Strictly speaking, this isn’t true—a giant owl can make an unarmed strike as appropriate for a creature of its size. It just ordinarily wouldn’t have any desire to do so.

Anyway, no, there is no rule that waives the Improved Unarmed Strike requirement on Improved Grapple for creatures with natural weapons. (Was incorrect on this point: see HeyICanChan’s answer.) Most creatures that are intended to be grappling get it as a bonus feat, or get improved grab, or both.
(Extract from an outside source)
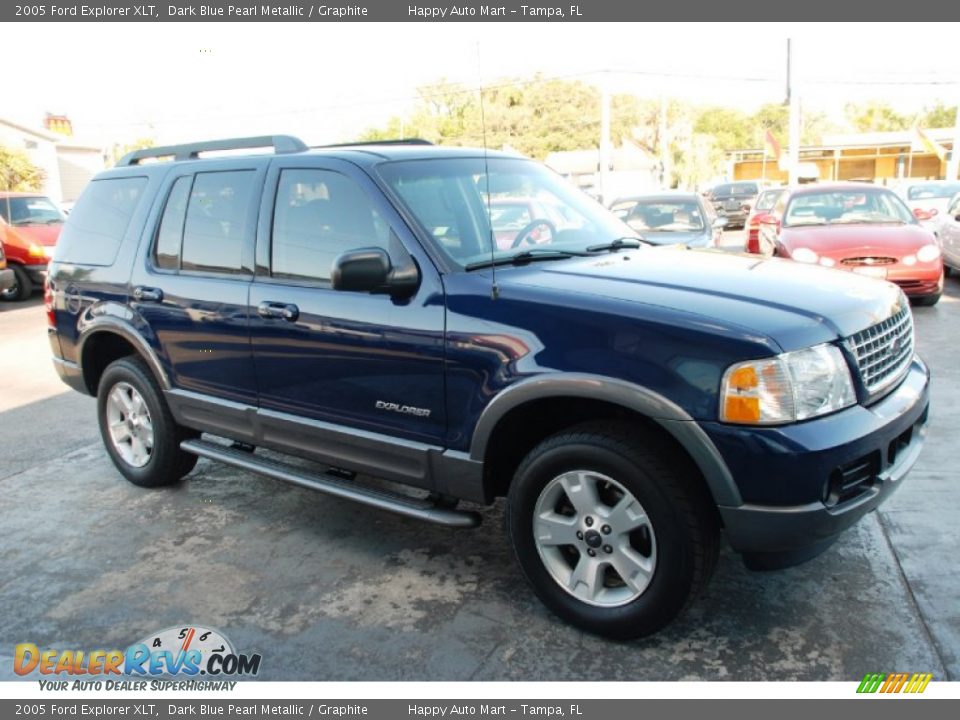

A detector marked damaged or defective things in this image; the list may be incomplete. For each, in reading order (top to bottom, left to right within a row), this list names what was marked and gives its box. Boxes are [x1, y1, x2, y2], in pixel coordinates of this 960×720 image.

There are various ways to get Improved Grapple without Improved Unarmed Strike if you take the right class levels—bear-totem barbarian 2nd is probably easiest, though monk 1st is even easier and then you just pick up Improved Unarmed Strike for “free”—but animal companions cannot get class levels. Strictly speaking, I guess, a giant owl could probably get the leg of squid graft from Dragon vol. 318, but at 40,000 gp, that’s pretty rough.
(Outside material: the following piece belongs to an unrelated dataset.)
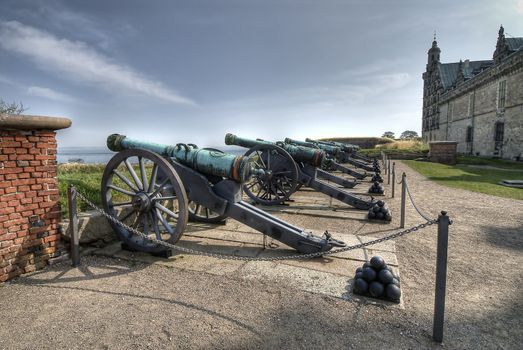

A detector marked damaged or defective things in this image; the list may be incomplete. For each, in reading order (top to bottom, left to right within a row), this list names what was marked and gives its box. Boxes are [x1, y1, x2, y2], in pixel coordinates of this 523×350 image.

rusty chain link [73, 190, 438, 262]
The real answer to this is, if you’re “designing an encounter” as a DM, is to just give the giant owl this feat. Remember,

You can add any sort of spell-like, supernatural, or extraordinary ability to a creature.

(Improving Monsters → Adding Special Abilities)

“A giant owl can ignore the Improved Unarmed Strike prerequisite on Improved Grapple” could be an extraordinary ability of approximately zero value.